Killer Workout (1986)
Prolific Grade-D genre director/writer David Prior’s 1986 schlock-fest, Killer Workout, is a difficult film to rate. That’s because much of the time, it is bad enough to be fun, but about as often, it's just painfully bad. However, it still holds an attraction, not completely unlike gazing in fascination at an animal carcass while hiking, that might interest fans with a quirky taste for bad films.
Prior didn’t have much of a story to tell here, but of course, a story isn’t the point. Killer Workout is a fairly pure exploitation flick, having more in common with pornography than anything you learn in film school. This film exists for two reasons: (1) to show a series of moderately inventive slaughter sequences (the traditional goal of horror exploitation flicks), and (2) to cash in on the Aerobics craze of the mid to late 80’s with lots of shots of "Aerobics cheesecake" (Not to be patronizing, but "T&A" for those of you who think I’m talking about desserts).
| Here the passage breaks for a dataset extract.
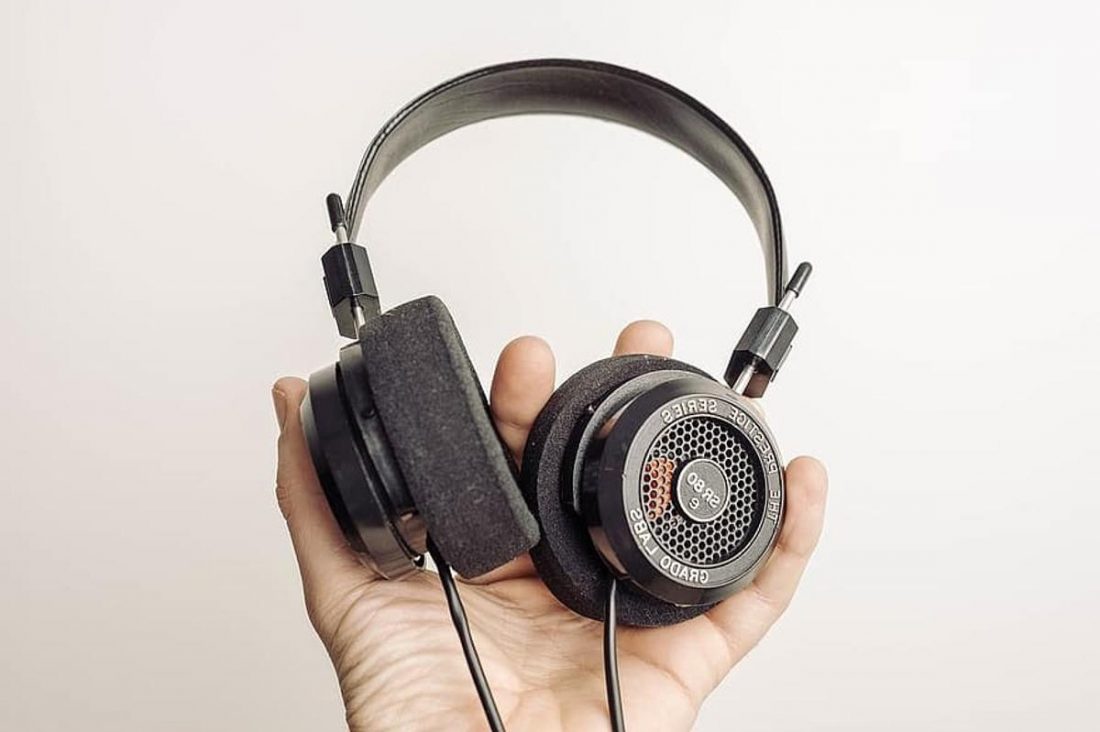 9 Types of Headphones That You Should Know - 37
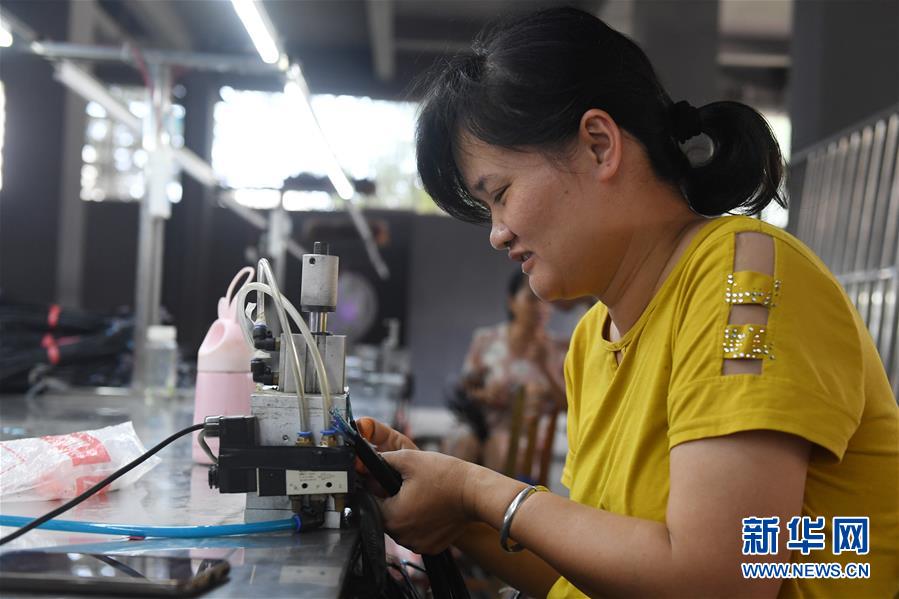 8月15日，当地妇女在广西大化文江六也电子厂工作。 广西大化瑶族自治县在脱贫攻坚中，在加大易地扶贫搬迁安置点建设力度的同时，加强安置点扶贫车间建设。目前，全县在乡镇安置点已建成7个扶贫车间，可提供超过500个就业岗位，帮助搬迁群众实现就近就业，增收脱贫。 新华社记者 陆波岸 摄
Killer Workout augments these two aspirations, which it realizes by non-creatively alternating them at about five minutes a pop for most of the film, with a stock serial killer mystery plot and some really, really bad disco music, performed by those artists who used to do big hits on K-Tel records, hoping you wouldn’t realize that they weren’t the original artists.
Rather than analyzing this film ad infinitum, though, since it certainly doesn’t call for it, I’d just like to mention a few details that I found particularly amusing. If you haven’t seen it, these will help you decide whether it’s worth the bother. If you have, maybe I’ll bring back a chuckle or two:
- This film contains probably the worst Psycho shower scene rip-off ever filmed.
- It also contains probably the most ridiculous resident stalker weapon of choice in any film that’s not specifically a comedy.
- There’s an incredibly long fight scene between two guys who can’t fight.
- No matter how many bodies turn up, everyone still keeps doing aerobics -- they never close the gym.
- No matter how many bodies turn up, there’s still only one police officer on the case.
- The guy playing the police officer is so bad that he makes an actor who reads a script in monotone sound like Al Pacino in comparison.
- One character actually tries to stop a car speeding towards him with a handgun.
- A highlight of one scene is three gym members spray painting "Aerobicide" and "Death Spa" on the gym’s front window.
- How many people have a hard-wired telephone in their garden?
- Incredibly, Prior manages to make one scene almost good! That’s the long chase sequence through the construction site. It’s a great set, and for the most part, he shoots it right.
But probably the most surprising thing, in retrospect, is that not only has Prior had a long, fruitful career, but almost every member of the principle cast went on to make additional films -- at least until the start of the 90s, when the market for bad horror on videotape bottomed out (was it simply the novelty of being able to buy videos at a reasonable price that caused no one to notice how terrible these flicks were at the time?)
Exploitation films can go any way-from good, solid films, to simply awful, to awful but funny. Killer Workout never approaches the "good, solid" category, and too often is just plain awful. But it’s entertaining enough, and provides a good dose of shameless, tacky, extremely soft-core porn if you’re into that sort of thing, that it’s worth your while if you’re a connoisseur of bad films. Definitely not recommended for feminists.